He had me there.
I rolled my eyes and walked faster instead, fingers tightening around the treadmill handles while I tried not to notice the way his forearms flexed every time he lifted.
The room filled with late-nineties to early-two-thousands alternative rock, the hum of machines, and the rhythmic clank of weights while Cade moved through another set with irritatingly beautiful focus.
Everything about him was disciplined. The food. The workouts. The sleep schedule. The structure. His entire life revolved around keeping his body strong enough to survive hockey.
And goodness, it showed.
“Okay,” he said between reps, slightly out of breath now. “What should I expect from your brothers regarding this weeks street hockey match?”
I laughed softly. “They legit play and scream, ‘Kill them all’ as if they are gods on the asphalt
“Yeah.” He sat up slowly, forearms braced against his knees while he caught his breath, chest rising and falling hard enough to drag my attention straight toward the sweat sliding slowly down the center of his stomach.
I looked away immediately.
Absolutely not.
“Are they immediately gonna check me every thirty seconds?”
I smiled despite myself. “No. They’ll fight over you being on what team because you’re Mr. Hockey.”
He groaned immediately, dropping his head back dramatically. “That’s concerning.”
“You literally skate into a screaming arena every weekend.”
“Still concerning.”
I stepped off the treadmill long enough to grab my water bottle, condensation cooling my fingertips while I took a long drink.
“They trust me though,” I said more quietly after a second. “My dad and brothers, I mean. They know I am bringing the secret weapon.”
Cade’s eyes lifted toward me instantly, attention locking onto me so completely it almost made my stomach tighten. That was the thing about him. When Cade focused on something, the rest of the world seemed to disappear around it.
And lately, he had started paying way too much attention to me. Not surface-level attention either. Cade noticed everything.
The bruise on my wrist. The way I automatically scanned exits walking into rooms. The split-second tension that hit my body anytime voices got too loud unexpectedly before I forced myself to relax again.
I had slipped letting him watch me the way he did. That was the terrifying part, because I never slipped.
Normally I kept long sleeves on until marks faded. Normally I covered bruises with makeup or jewelry or clothes that would hide them. Normally I stayed aware enough not to get comfortable around men.
But Cade distracted me.
And honestly, that scared the hell out of me because comfort made women careless.
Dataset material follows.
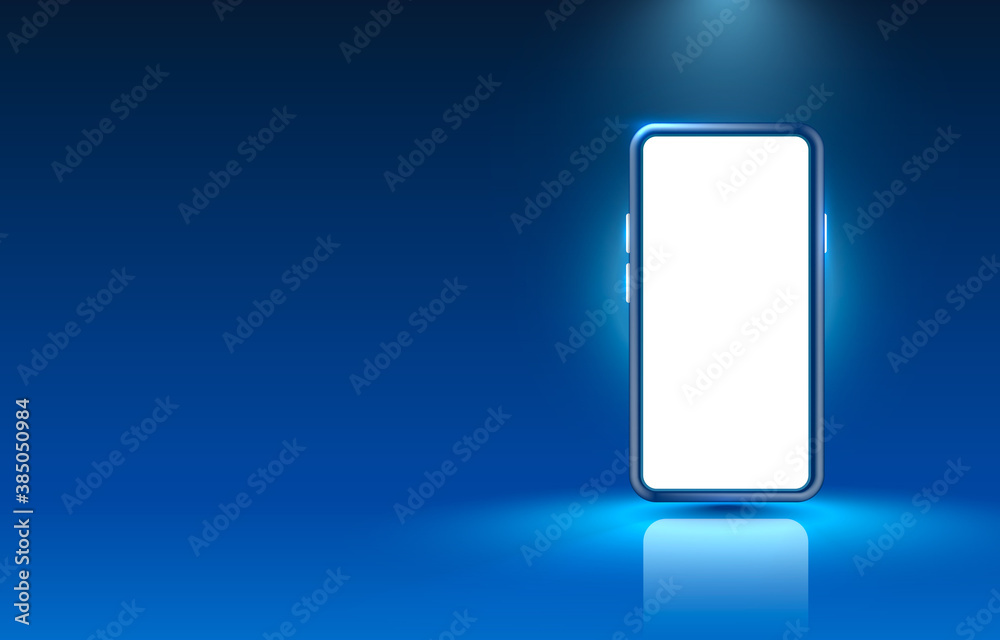 Smartphone mobile screen, technology mobile display light. Vector Smartphone mobile screen, technology mobile display light. Vector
Luke had taught me that lesson thoroughly enough for the scars to live in my nervous system now.
That was the terrifying thing about Luke. He didn’t look dangerous when people were watching. He looked calm. Protective. Handsome. The kind of guy parents trusted automatically.
Now every time Cade paid too much attention to me, part of my body reacted before my brain could catch up.
Not because Cade and Luke were the same. They weren’t. That was why it felt even more dangerous. Luke’s attention was about ownership. Cade’s attention felt like safety.
Which honestly might have terrified me more.
Because if Cade met Luke, would he fall for the act too? Would he see the calm, charming version everybody else saw? Or would he notice the cracks the same way he noticed everything else about me lately?
The thought twisted uneasily through my chest because eventually those worlds were going to collide whether I wanted them to or not. Luke knew where my family lived. He knew my routines. He knew Sundays usually meant Bennett house chaos and grilled food and cheering for whatever game was on the big screen loud enough for the neighbors to hear.